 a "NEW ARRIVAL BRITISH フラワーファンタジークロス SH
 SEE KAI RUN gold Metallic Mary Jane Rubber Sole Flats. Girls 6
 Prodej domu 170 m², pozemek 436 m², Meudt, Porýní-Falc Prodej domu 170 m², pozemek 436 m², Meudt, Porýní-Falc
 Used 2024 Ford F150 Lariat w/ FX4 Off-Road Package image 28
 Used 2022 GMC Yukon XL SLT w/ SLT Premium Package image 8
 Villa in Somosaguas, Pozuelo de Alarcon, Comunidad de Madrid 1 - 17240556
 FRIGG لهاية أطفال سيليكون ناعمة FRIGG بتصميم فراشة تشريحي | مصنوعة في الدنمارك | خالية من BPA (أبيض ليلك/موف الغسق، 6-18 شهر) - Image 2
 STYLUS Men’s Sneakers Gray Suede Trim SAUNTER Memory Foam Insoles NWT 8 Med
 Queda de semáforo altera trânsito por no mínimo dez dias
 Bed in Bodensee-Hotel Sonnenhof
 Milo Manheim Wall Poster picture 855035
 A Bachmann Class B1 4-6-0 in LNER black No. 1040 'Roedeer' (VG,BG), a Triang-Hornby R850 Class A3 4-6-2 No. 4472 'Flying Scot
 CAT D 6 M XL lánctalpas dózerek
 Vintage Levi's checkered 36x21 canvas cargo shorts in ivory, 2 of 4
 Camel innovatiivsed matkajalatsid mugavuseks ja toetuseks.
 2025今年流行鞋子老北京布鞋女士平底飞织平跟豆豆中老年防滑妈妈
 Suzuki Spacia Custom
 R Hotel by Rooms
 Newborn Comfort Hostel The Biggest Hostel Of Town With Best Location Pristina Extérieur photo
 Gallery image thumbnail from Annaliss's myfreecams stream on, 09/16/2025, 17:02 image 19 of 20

※

**WORK ITEM**
Please give all the lines above again, exactly as they read.

**EXPECTED ANSWER**
 a "NEW ARRIVAL BRITISH フラワーファンタジークロス SH
 SEE KAI RUN gold Metallic Mary Jane Rubber Sole Flats. Girls 6
 Prodej domu 170 m², pozemek 436 m², Meudt, Porýní-Falc Prodej domu 170 m², pozemek 436 m², Meudt, Porýní-Falc
 Used 2024 Ford F150 Lariat w/ FX4 Off-Road Package image 28
 Used 2022 GMC Yukon XL SLT w/ SLT Premium Package image 8
 Villa in Somosaguas, Pozuelo de Alarcon, Comunidad de Madrid 1 - 17240556
 FRIGG لهاية أطفال سيليكون ناعمة FRIGG بتصميم فراشة تشريحي | مصنوعة في الدنمارك | خالية من BPA (أبيض ليلك/موف الغسق، 6-18 شهر) - Image 2
 STYLUS Men’s Sneakers Gray Suede Trim SAUNTER Memory Foam Insoles NWT 8 Med
 Queda de semáforo altera trânsito por no mínimo dez dias
 Bed in Bodensee-Hotel Sonnenhof
 Milo Manheim Wall Poster picture 855035
 A Bachmann Class B1 4-6-0 in LNER black No. 1040 'Roedeer' (VG,BG), a Triang-Hornby R850 Class A3 4-6-2 No. 4472 'Flying Scot
 CAT D 6 M XL lánctalpas dózerek
 Vintage Levi's checkered 36x21 canvas cargo shorts in ivory, 2 of 4
 Camel innovatiivsed matkajalatsid mugavuseks ja toetuseks.
 2025今年流行鞋子老北京布鞋女士平底飞织平跟豆豆中老年防滑妈妈
 Suzuki Spacia Custom
 R Hotel by Rooms
 Newborn Comfort Hostel The Biggest Hostel Of Town With Best Location Pristina Extérieur photo
 Gallery image thumbnail from Annaliss's myfreecams stream on, 09/16/2025, 17:02 image 19 of 20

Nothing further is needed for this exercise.